Reproduce the listing in full, exactly as written, but without images.

**STORED DATA**
# # # # #
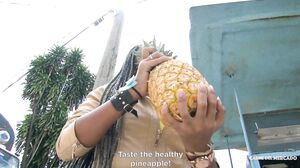 Ana Ebano Pedro Nel - Babe Gets Facial In Hot Pickup And Fuck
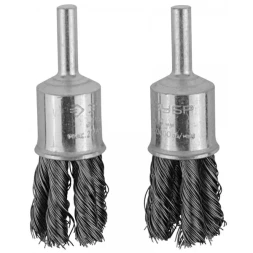 ЗУБР &quot;ЭКСПЕРТ&quot;. Набор щеток кистевых для дрели, жгутированная стальная проволока 0,35мм, 22мм, 2шт 35227-22-H2_z01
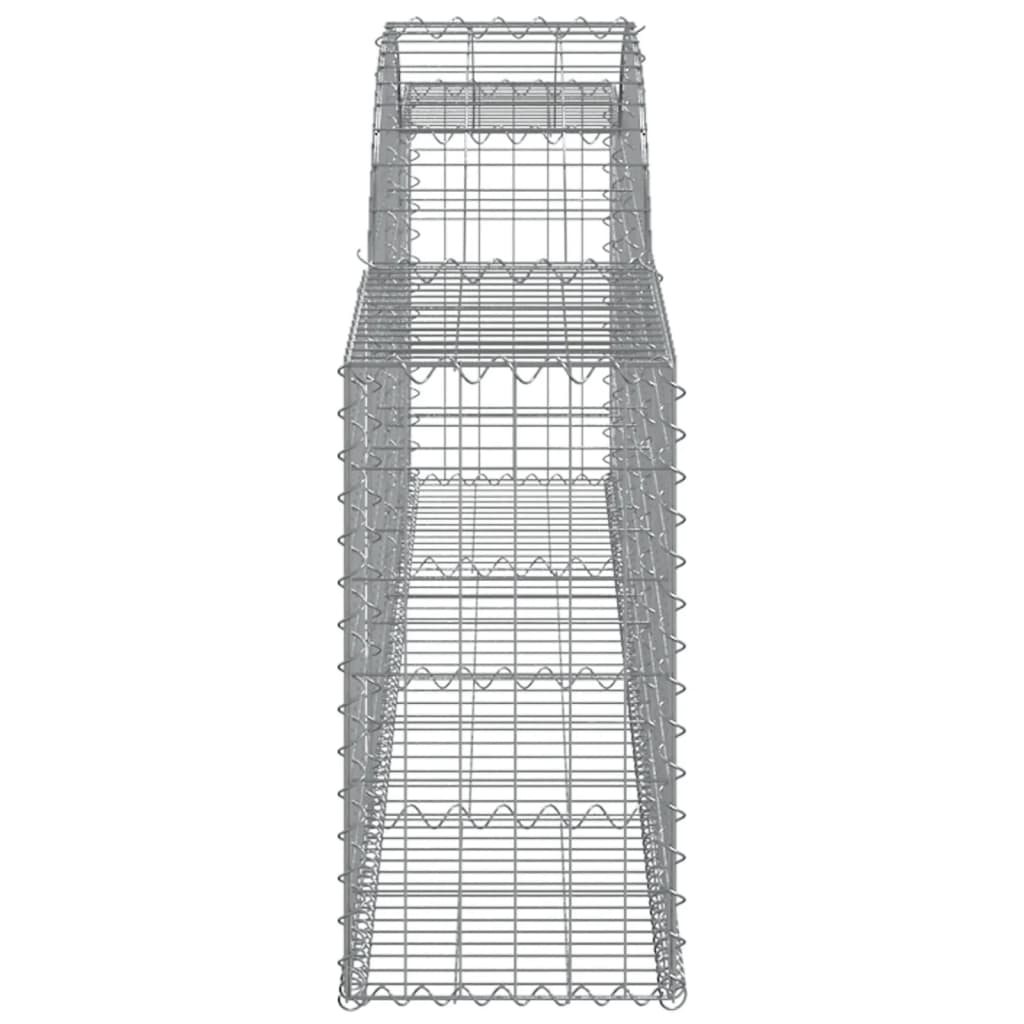 Coșuri gabion arcuite, 6 buc., 300x30x60/80 cm, fier galvanizat - Lando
# # # # #
**ANSWER BELOW**
 Ana Ebano Pedro Nel - Babe Gets Facial In Hot Pickup And Fuck
 ЗУБР &quot;ЭКСПЕРТ&quot;. Набор щеток кистевых для дрели, жгутированная стальная проволока 0,35мм, 22мм, 2шт 35227-22-H2_z01
 Coșuri gabion arcuite, 6 buc., 300x30x60/80 cm, fier galvanizat - Lando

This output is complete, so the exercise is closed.